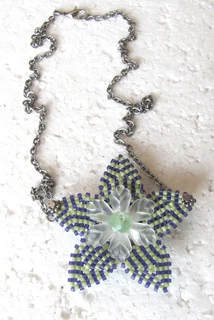 Beaded Flower Pendant Necklace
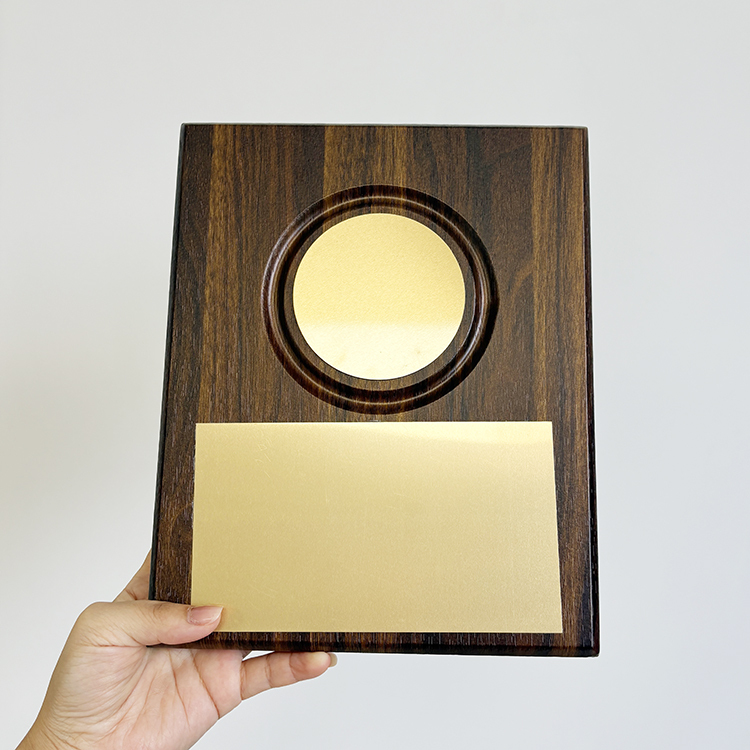 Blank Plaque Wooden Business Trophy Award with Gold Plate Certificate MH-LJ0848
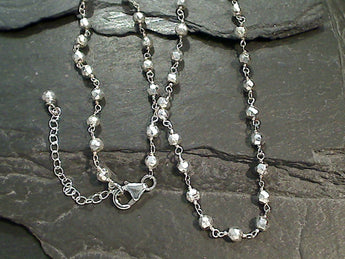 16" - 18" Silver Coated Pyrite, Sterling Silver Necklace
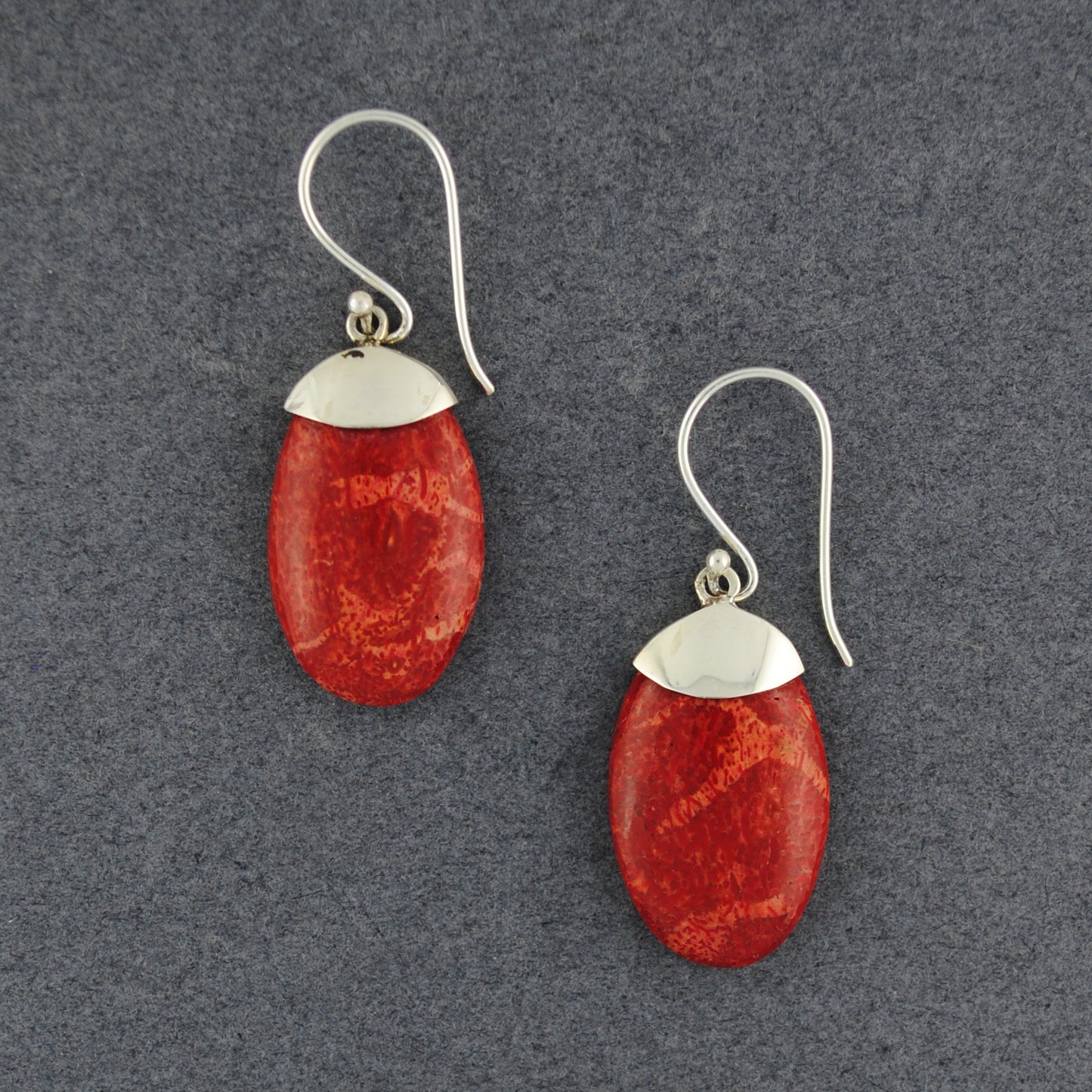 Coral Simple Oval Earrings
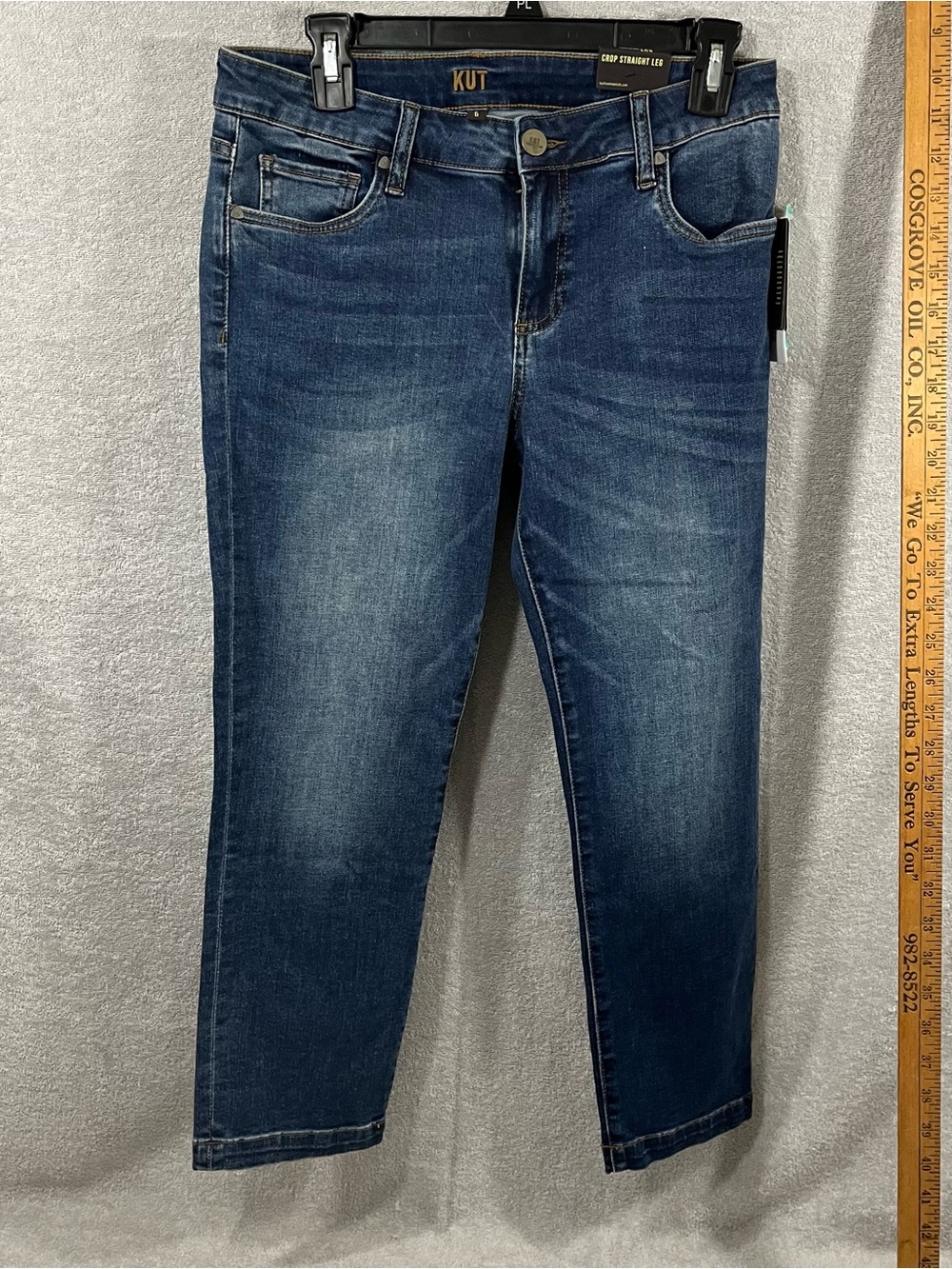 Kut From The Kloth Amy Crop Straight Leg Sz 6 Dark Wash Cuffed NWT  (30x24.5)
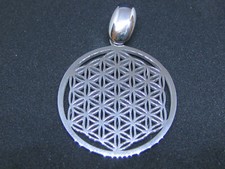Lebensblume + Band Ketten Anhänger Edelstahl Blume des Lebens / 613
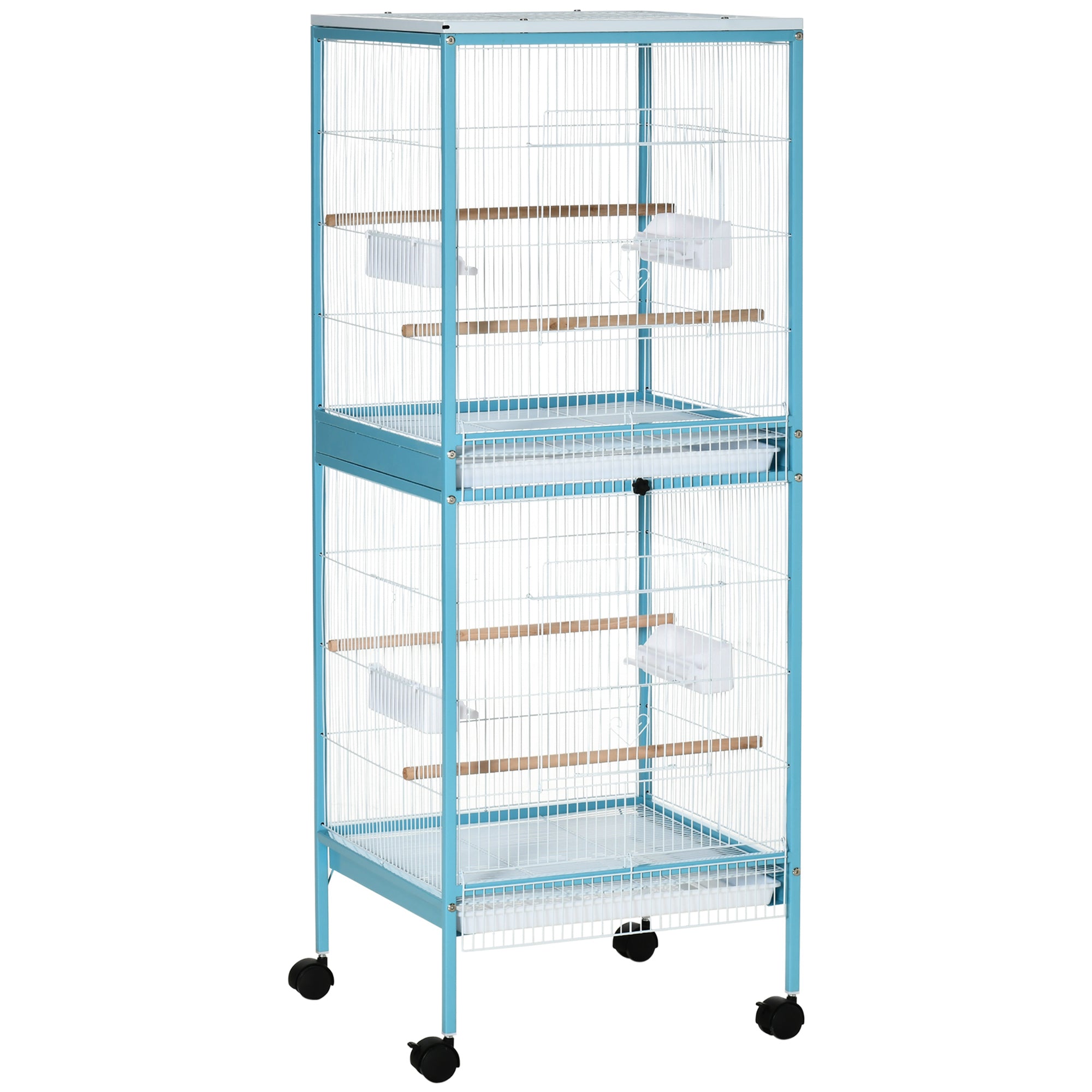 foto del prodotto voliera gabbia per uccelli 51,5x50x140 cm in acciaio azzurro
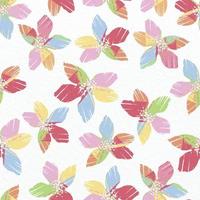 motif de plantes sans soudure sur fond de papier avec des fleurs de peinture colorées, une carte de voeux ou un tissu vecteur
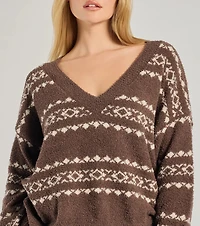 Cozy Wonderland Fair Isle Chenille Knit Pajama Top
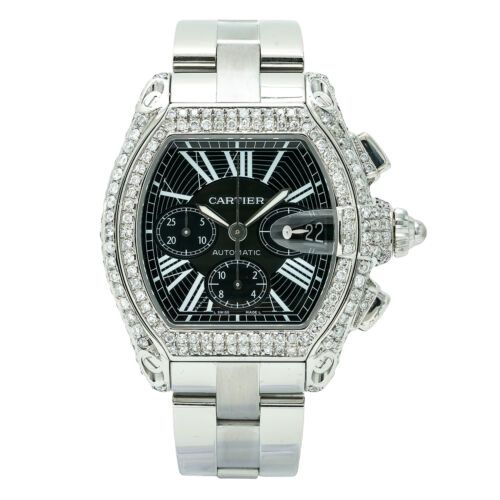 A Cartier Roadster watch with silver accents.
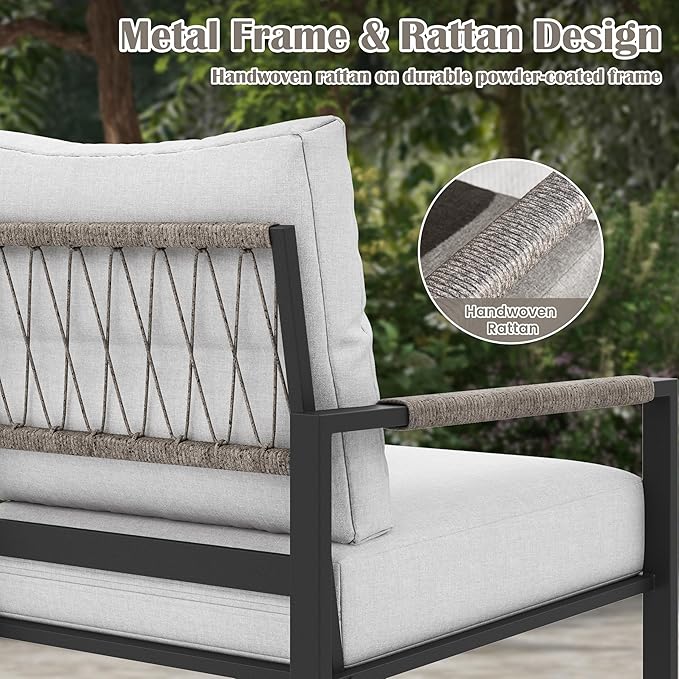 6 Pieces Rattan Outdoor Furniture Set, All-Weather Patio Conversation Set with Warm Grey Cushions, Coffee Table and 28" Fire Pit Table for Garden, Backyard, Balcony, Poolside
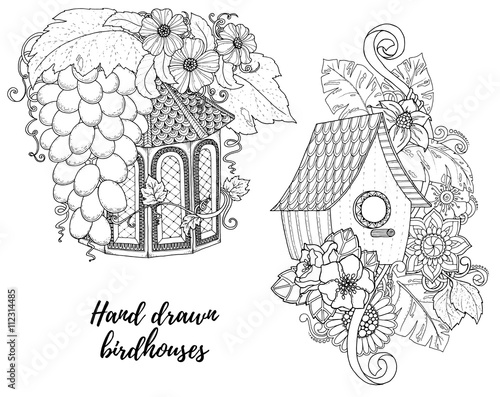 Black and white wood nesting box. Hand drawn outline nesting box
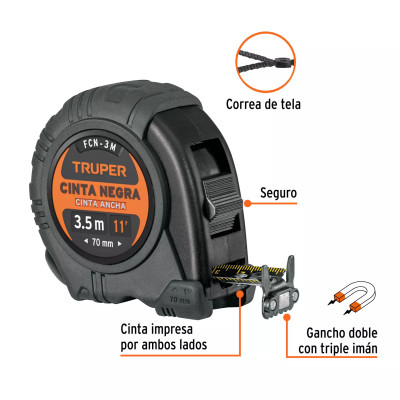 ‣ Flexómetro 3 m contra impactos, Cinta Negra 13 mm | Truper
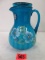 Fenton Hand Painted Teal Blue Water Carafe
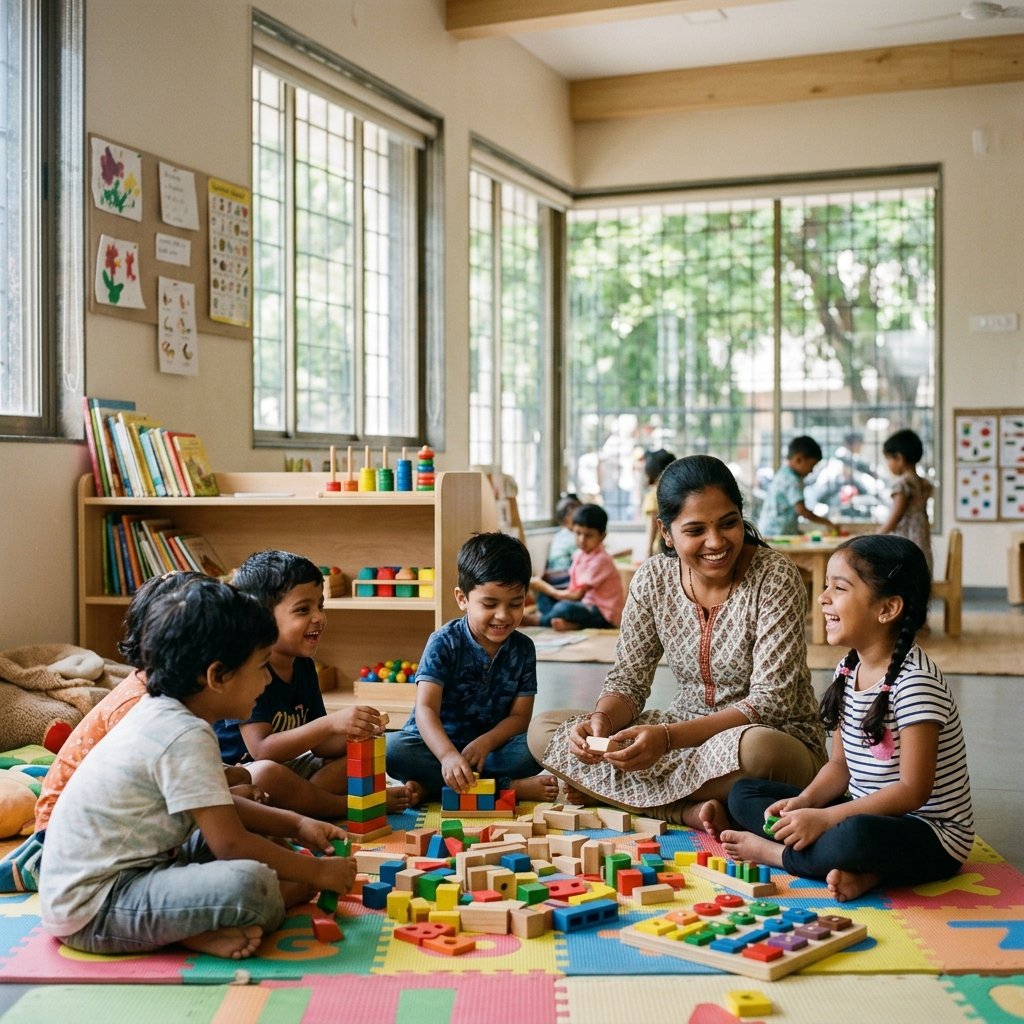 Safe child daycare shelter environment providing early cognitive and nutrition support.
______________________________
All preceding records should be duplicated verbatim, images excepted.

§ Written answer:
 Beaded Flower Pendant Necklace
 Blank Plaque Wooden Business Trophy Award with Gold Plate Certificate MH-LJ0848
 16" - 18" Silver Coated Pyrite, Sterling Silver Necklace
 Coral Simple Oval Earrings
 Kut From The Kloth Amy Crop Straight Leg Sz 6 Dark Wash Cuffed NWT  (30x24.5)
Lebensblume + Band Ketten Anhänger Edelstahl Blume des Lebens / 613
 foto del prodotto voliera gabbia per uccelli 51,5x50x140 cm in acciaio azzurro
 motif de plantes sans soudure sur fond de papier avec des fleurs de peinture colorées, une carte de voeux ou un tissu vecteur
 Cozy Wonderland Fair Isle Chenille Knit Pajama Top
 A Cartier Roadster watch with silver accents.
 6 Pieces Rattan Outdoor Furniture Set, All-Weather Patio Conversation Set with Warm Grey Cushions, Coffee Table and 28" Fire Pit Table for Garden, Backyard, Balcony, Poolside
 Black and white wood nesting box. Hand drawn outline nesting box
 ‣ Flexómetro 3 m contra impactos, Cinta Negra 13 mm | Truper
 Fenton Hand Painted Teal Blue Water Carafe
 Safe child daycare shelter environment providing early cognitive and nutrition support.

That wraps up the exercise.